• **EXERCISE INSTRUCTIONS**
Lines before the one holding "Seating area, Bed" are not wanted. Please copy that line and everything after it to the end of the records, exactly, skipping pictures.

• **PROVIDED ENTRIES**
---

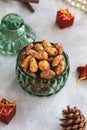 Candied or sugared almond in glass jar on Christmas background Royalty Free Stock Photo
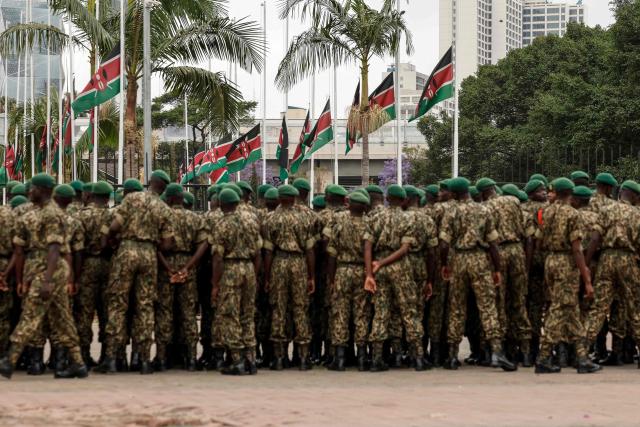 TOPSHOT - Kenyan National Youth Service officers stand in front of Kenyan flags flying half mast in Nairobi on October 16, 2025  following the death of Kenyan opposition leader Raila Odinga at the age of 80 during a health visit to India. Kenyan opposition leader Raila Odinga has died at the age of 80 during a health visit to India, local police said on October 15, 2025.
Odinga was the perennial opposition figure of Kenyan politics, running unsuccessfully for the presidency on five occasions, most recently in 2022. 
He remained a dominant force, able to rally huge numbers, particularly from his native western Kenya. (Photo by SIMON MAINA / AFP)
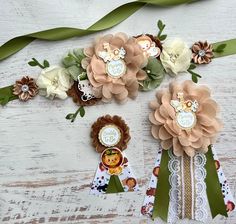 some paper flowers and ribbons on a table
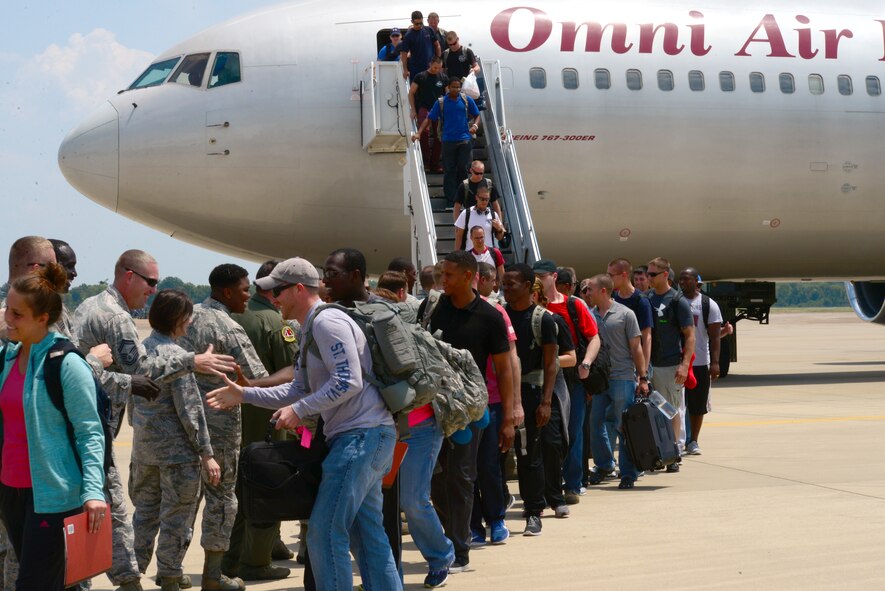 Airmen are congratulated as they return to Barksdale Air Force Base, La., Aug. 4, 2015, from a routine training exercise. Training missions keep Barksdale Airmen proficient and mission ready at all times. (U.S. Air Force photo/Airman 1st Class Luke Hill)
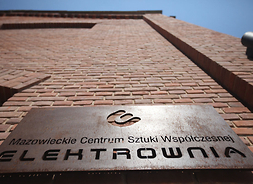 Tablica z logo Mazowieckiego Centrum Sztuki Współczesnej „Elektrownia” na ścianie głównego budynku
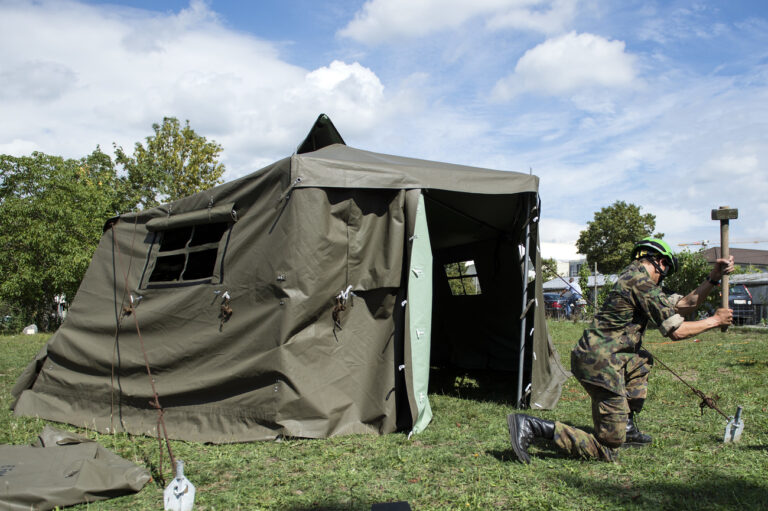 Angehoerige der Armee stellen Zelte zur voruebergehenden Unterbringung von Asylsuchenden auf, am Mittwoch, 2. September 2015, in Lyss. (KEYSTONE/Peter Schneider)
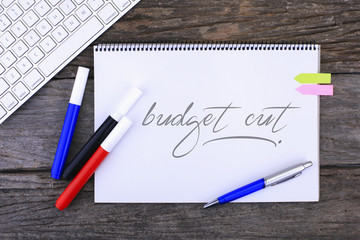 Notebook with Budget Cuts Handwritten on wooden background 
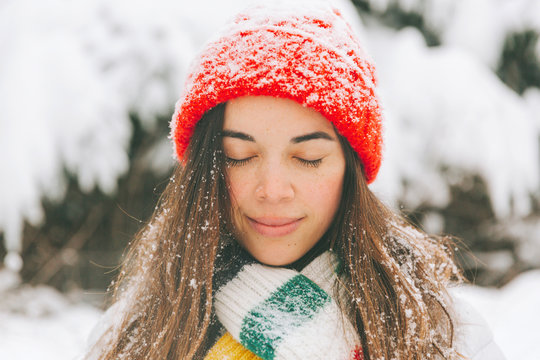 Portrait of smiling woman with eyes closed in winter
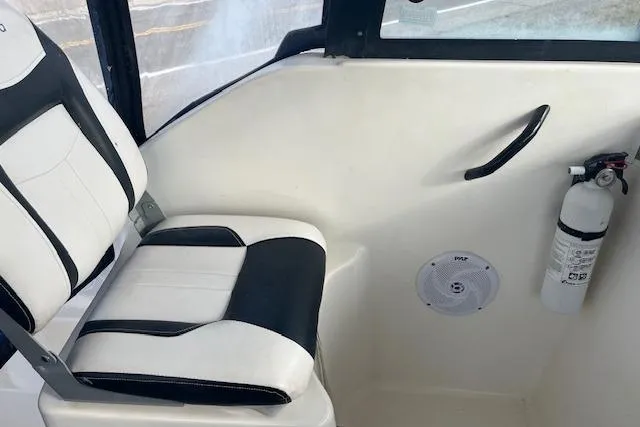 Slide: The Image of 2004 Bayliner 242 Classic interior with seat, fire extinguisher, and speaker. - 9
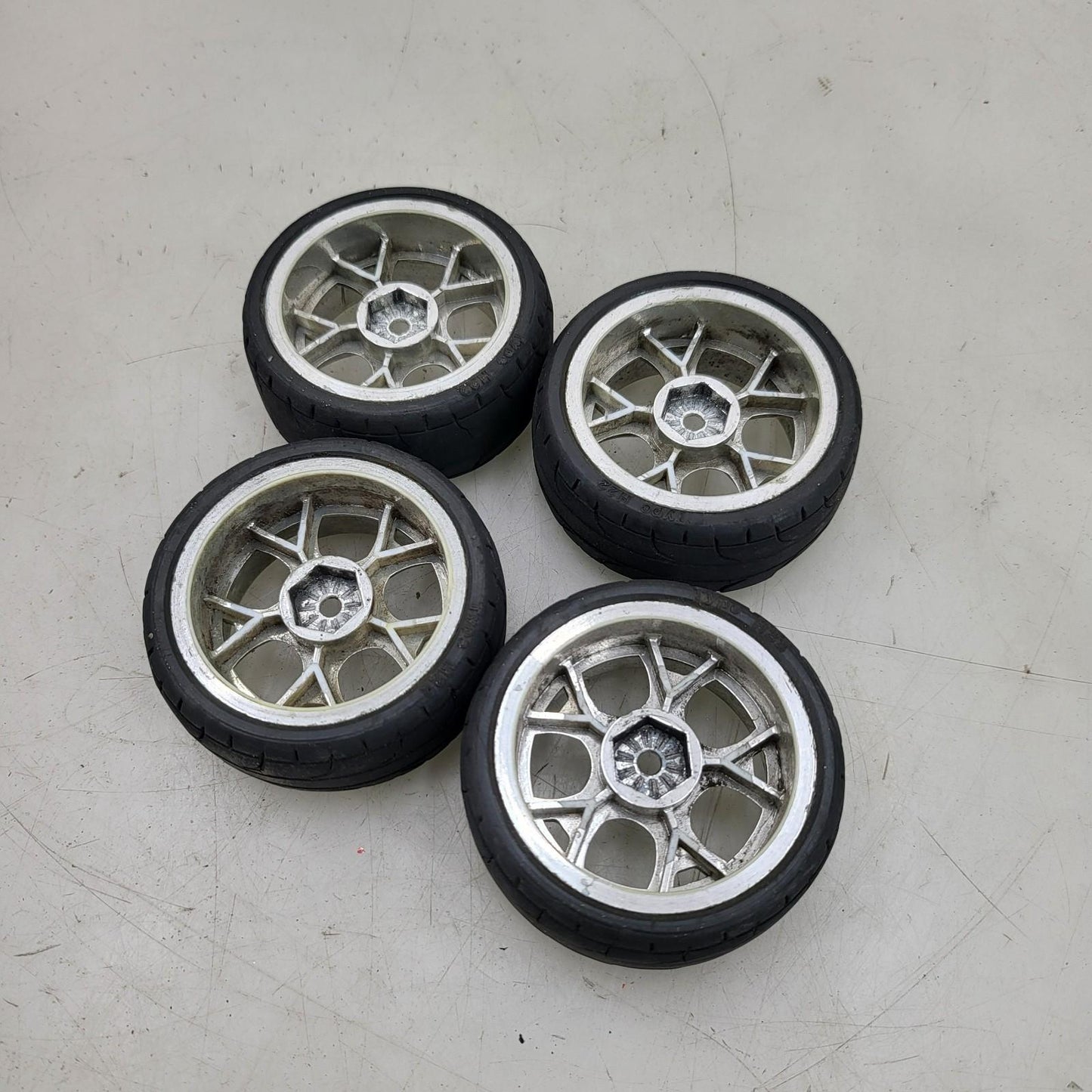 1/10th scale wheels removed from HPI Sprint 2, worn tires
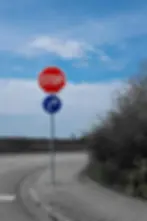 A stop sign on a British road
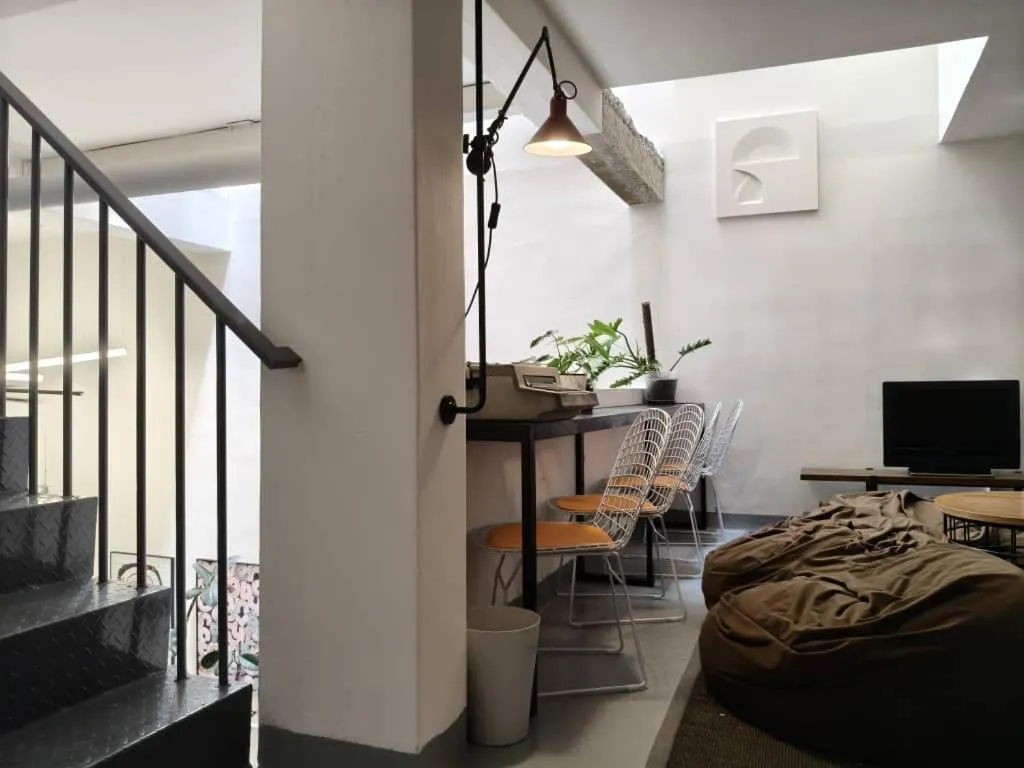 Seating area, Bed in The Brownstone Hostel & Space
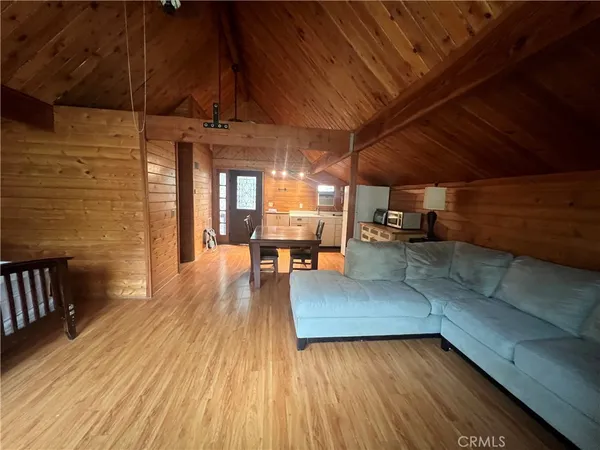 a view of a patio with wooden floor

---

• **COMPLETED EXERCISE**
 Seating area, Bed in The Brownstone Hostel & Space
 a view of a patio with wooden floor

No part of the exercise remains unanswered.